By selling what it does not produce, BPC is effectively not anchored on the ground.
To get it back to safety it will take large sums of money pumped into it as part of re-capitalisation.
A business model might have to be changed – including possible unbundling the cu7rrenty structure into independent and standalone like generation, transmission and distribution and also retail and marketing.
BPC cannot be expected to rescue itself and also secure the country’s energy requirements.
At the moment Botswana Power Corporation is fighting for survival.
While is authority has been growing, its viability has been diminishing.
Years of mismanagement and corruption are largely to blame.
A tragicomedy that became efforts to become self-sufficient with the construction of multi-billion pula plant has seen the country set back probably many years.
Government decision to reduce its subvention to BPC has played its role.
And now a consumer is being asked to carry back to safety a BPC that is on its knees and that has no substantive leader to at least help steer out of the morass it is in.
We often hear about the big problems engulfing a BPC counterpart in South Africa.
Apparently Eskom is in so much big trouble that neither the SA government nor the international creditors are able to help.
They can only touch it with a long barge and from a distance.
BPC should be held to a higher standard.
Early this year government announced that BPC tariffs were going up by 22 percent.
It was such a drastic move that to this day many citizens are still trying to come to terms with. It was a way of government finally weaning off BPC and thrusting it into the bosom of a consumer.
No tariff increase was ever going to be welcomed.
But this was way too steep to be implemented at once even for people who had argued that energy prices in Botswana were heavily subsidized by Government.
That would be a good decision if the BPC consumer was not already hard-pressed.
Already BPC has gone back to the regulator to plead itself for further tariff increases.
The Corporation is basically saying without such increases it would wind up.
BPC has no choice but to also demonstrate through its policies that it is aware to the concerns of global warming.
Coal is increasingly getting strategically unattractive.
Doubling down on coal in the face of such a crisis is hardly the best business move to be expected of a corporation operating in such a public space.
BPC will not recover unless it is able to win back both goodwill and public confidence.
This calls for a more robust executive team.
Then BPC will be required to state clearly how it plans to deepen Botswana’s energy security.
Importing such high quantities from South Africa is dangerous.

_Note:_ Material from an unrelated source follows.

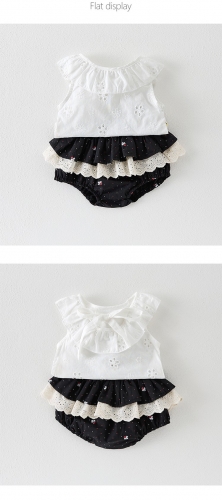 2025 Summer Infant Baby Girls Solid Color Floral Pattern Sleeveless Top With Bloomers Sets Wholesale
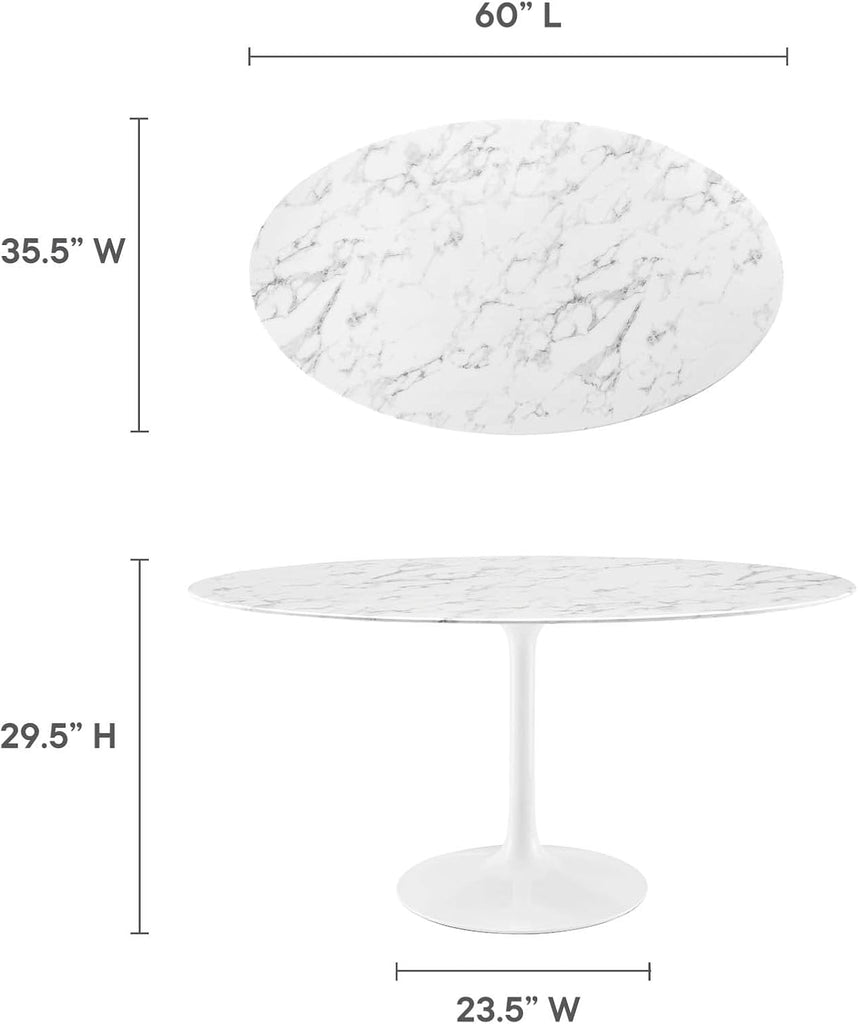 Inspired Saarinen Style Tulip Oval Pedestal Dining Table — White Base / Marble Top, 60″ Oval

It puts the economy of the country in peril’s way.
It cannot be right to rely so much on a country that is not able to satisfy its own energy needs.
It is not a secret that under the current agreement Botswana enjoys preferential treatment from Eskom as a supplier.

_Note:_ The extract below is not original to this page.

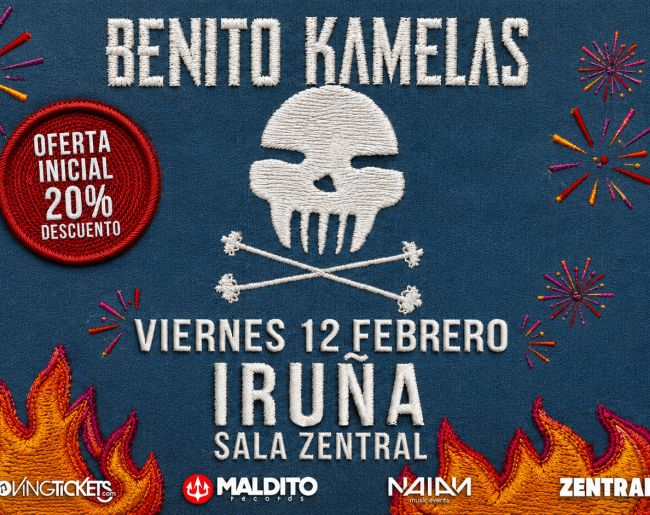 Cartel del concierto de Benito Kamelas, con una calavera y huesos cruzados sobre fondo azul y llamas en la parte inferior. El concierto tendrá lugar el viernes 12 de febrero en la Sala Zentral de Iruña. Se anuncia una oferta inicial del 20 % de descuento.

That is so because Botswana is able to pay, especially in dollars over and above the market price.
This alone provides an existential threat for Botswana. The agreement is only useful up to a point, beyond which, like all agreements it might become less of the worth the paper it is written on.
There is absolutely no reason why Botswana has lagged so far behind when it comes to investing in green energy.
For us here green energy remains a topic for discussion.
As a country we have to move fast towards achieving the right mix.
BPC has to lead the way in a change of national mindset.
For Botswana that is not only good for climate, but also for energy security.